Top of Information
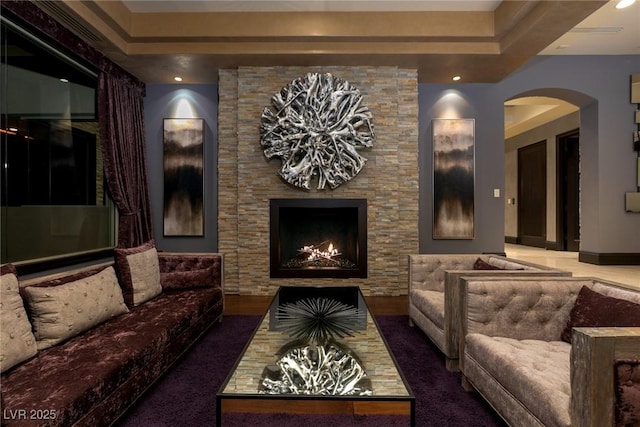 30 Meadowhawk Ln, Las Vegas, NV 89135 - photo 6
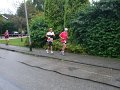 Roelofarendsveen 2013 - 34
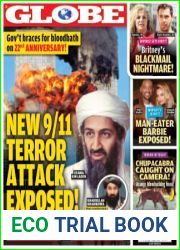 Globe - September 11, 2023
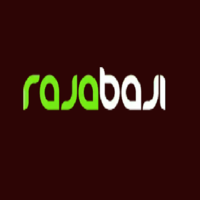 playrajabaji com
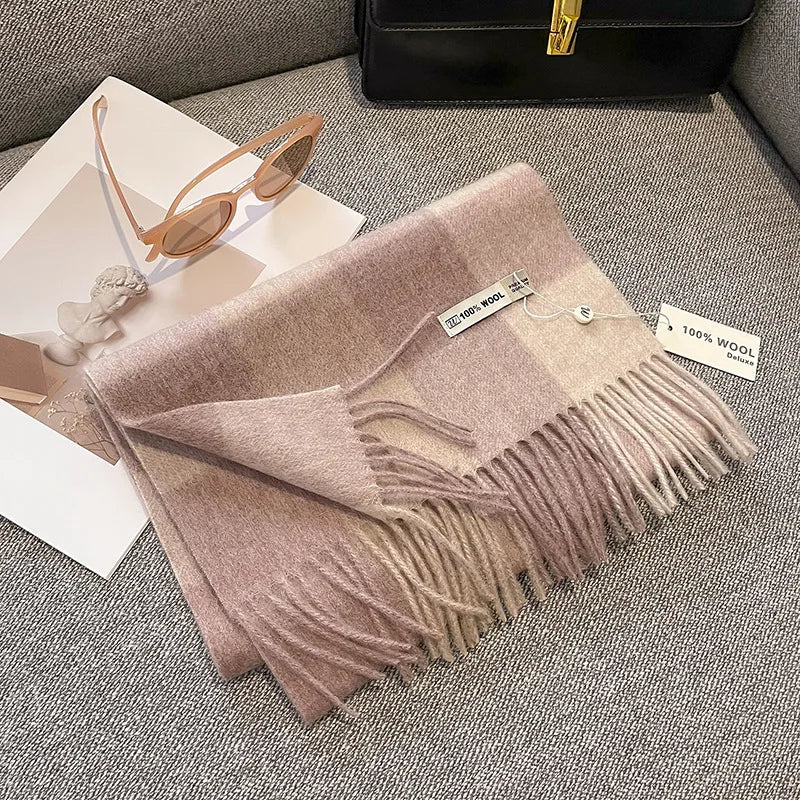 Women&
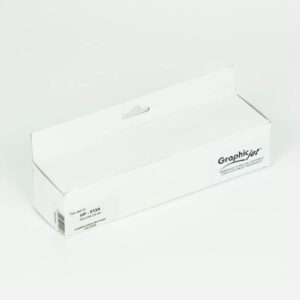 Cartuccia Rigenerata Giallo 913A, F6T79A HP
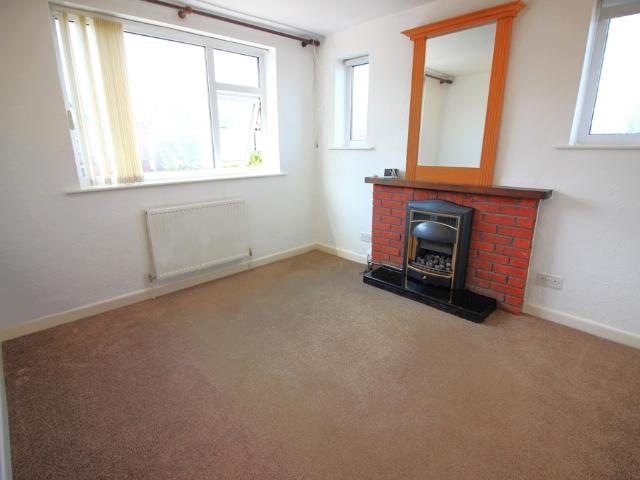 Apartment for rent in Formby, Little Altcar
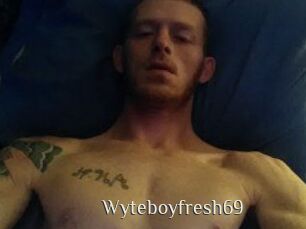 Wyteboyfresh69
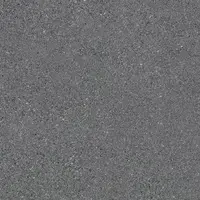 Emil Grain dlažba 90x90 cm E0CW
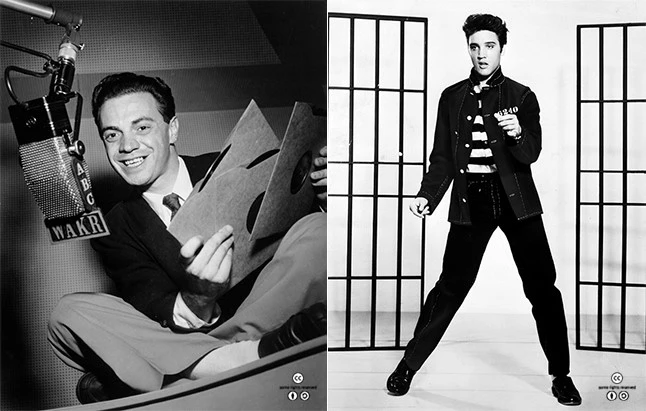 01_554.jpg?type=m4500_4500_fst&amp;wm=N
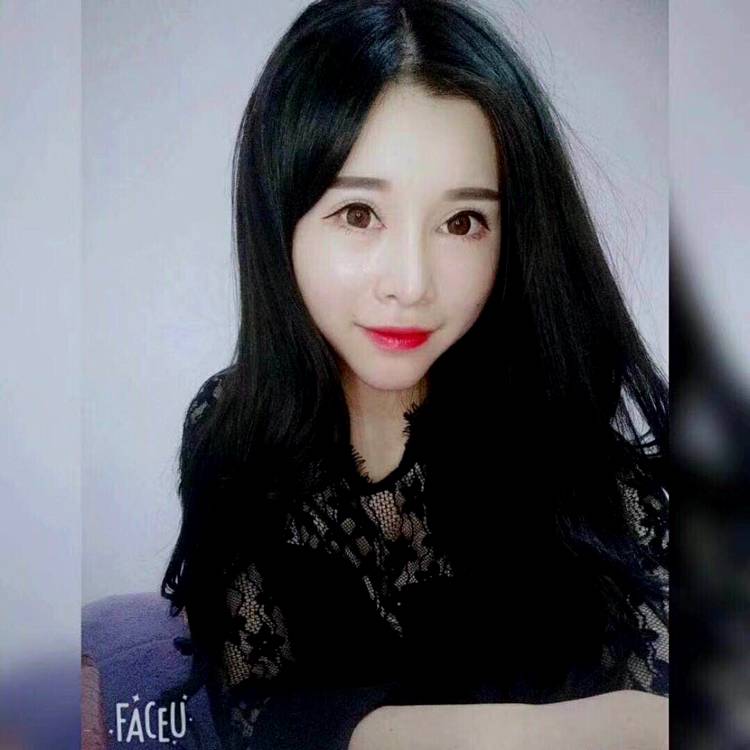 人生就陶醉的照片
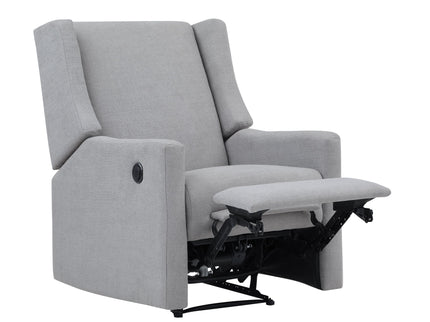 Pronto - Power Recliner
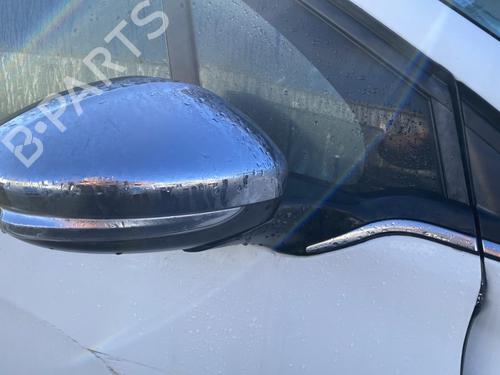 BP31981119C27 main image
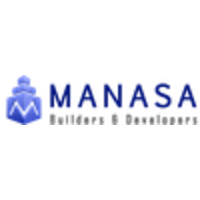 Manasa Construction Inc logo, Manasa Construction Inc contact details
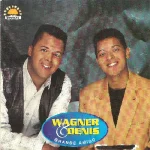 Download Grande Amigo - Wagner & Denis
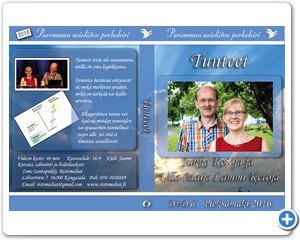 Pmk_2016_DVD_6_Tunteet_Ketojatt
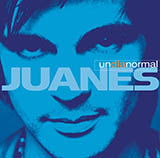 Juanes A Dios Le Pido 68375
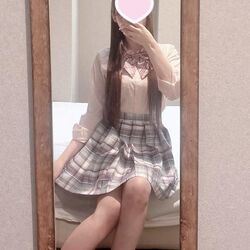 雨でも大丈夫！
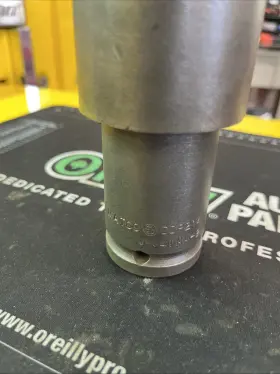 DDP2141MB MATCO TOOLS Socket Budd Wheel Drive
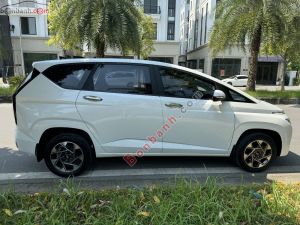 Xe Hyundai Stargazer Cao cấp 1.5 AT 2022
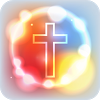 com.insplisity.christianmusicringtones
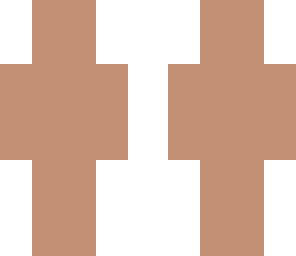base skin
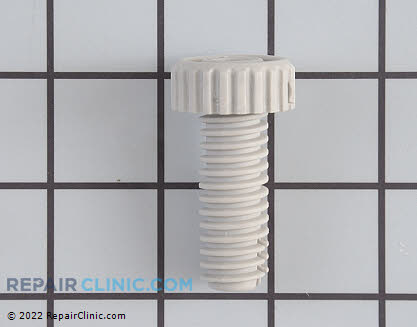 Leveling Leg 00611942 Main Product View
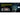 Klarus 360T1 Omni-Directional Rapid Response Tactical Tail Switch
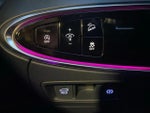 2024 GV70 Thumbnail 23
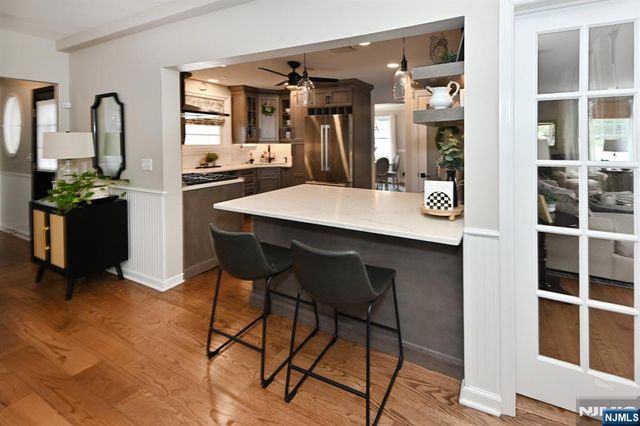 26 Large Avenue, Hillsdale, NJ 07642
Bottom of Information
What needs to be done:
In your copy, restate the data above word for word but leave out any picture.

Task solution:
 30 Meadowhawk Ln, Las Vegas, NV 89135 - photo 6
 Roelofarendsveen 2013 - 34
 Globe - September 11, 2023
 playrajabaji com
 Women&
 Cartuccia Rigenerata Giallo 913A, F6T79A HP
 Apartment for rent in Formby, Little Altcar
 Wyteboyfresh69
 Emil Grain dlažba 90x90 cm E0CW
 01_554.jpg?type=m4500_4500_fst&amp;wm=N
 人生就陶醉的照片
 Pronto - Power Recliner
 BP31981119C27 main image
 Manasa Construction Inc logo, Manasa Construction Inc contact details
 Download Grande Amigo - Wagner & Denis
 Pmk_2016_DVD_6_Tunteet_Ketojatt
 Juanes A Dios Le Pido 68375
 雨でも大丈夫！
 DDP2141MB MATCO TOOLS Socket Budd Wheel Drive
 Xe Hyundai Stargazer Cao cấp 1.5 AT 2022
 com.insplisity.christianmusicringtones
base skin
 Leveling Leg 00611942 Main Product View
 Klarus 360T1 Omni-Directional Rapid Response Tactical Tail Switch
 2024 GV70 Thumbnail 23
 26 Large Avenue, Hillsdale, NJ 07642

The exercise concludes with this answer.